Image classification can be successfully solved by modern CNNs. However, there are still
a plethora of questions regarding how those models manage to extract and model general
features for large number of classes. A straightforward strategy is to focus on saliency i.e.,
the area of the image that has a maximal response w.r.t. the predicted class.

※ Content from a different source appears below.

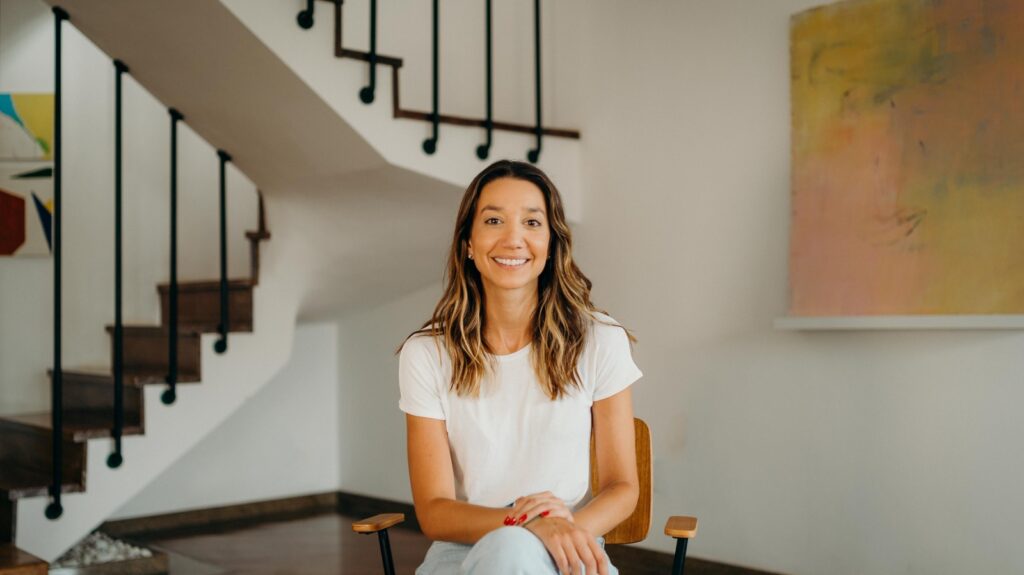  Laura Salles -Crédito da foto: Divulgação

The aim of
this project is to complement that idea by estimating the number of salient regions that
common image classifiers react to and measure the consistency of those regions
regarding the predicted class.

## Resnet18 - Training

In [None]:
%matplotlib inline
import matplotlib.pyplot as plt
import numpy as np
import random
import skimage.transform
import torch
import torch.nn as nn
import torch.nn.functional as F
import torch.optim as optim
import torchvision

from keras.optimizers import SGD
from matplotlib.pyplot import imshow
from PIL import Image
from torch.autograd import Variable
from torch import topk
from torchvision import models, datasets, transforms

In [None]:
# -------------------------------------
# Define paramters and other variables
# -------------------------------------

# Classes labels CIFAR-10
classes = ('plane',
           'auto',
           'bird',
           'cat',
           'deer',
           'dog',
           'frog',
           'horse',
           'ship',
           'truck')

# CIFAR1-10 parameters
input_size = 32
num_classes = 10

# Check for GPU/CPU to allocate tensor
if torch.cuda.is_available():
    device = torch.device('cuda')
else:
    device = torch.device('cpu')

print(device)

In [None]:
# Data transformations
normalize = transforms.Normalize(
    (0.4914, 0.4822, 0.4465),
    (0.2023, 0.1994, 0.2010)
)
    
train_transform = transforms.Compose([
    transforms.RandomCrop(32, padding=4),
    transforms.RandomHorizontalFlip(),
    transforms.ToTensor(),
    normalize
])

test_transform = transforms.Compose([
    transforms.ToTensor(),
    normalize,
])

# Download & transform CIFAR-10 datasets
train_dataset = datasets.CIFAR10("./data", train=True,
                                 transform=train_transform, download=True)

test_dataset = datasets.CIFAR10("./data", train=False,
                                transform=test_transform, download=True)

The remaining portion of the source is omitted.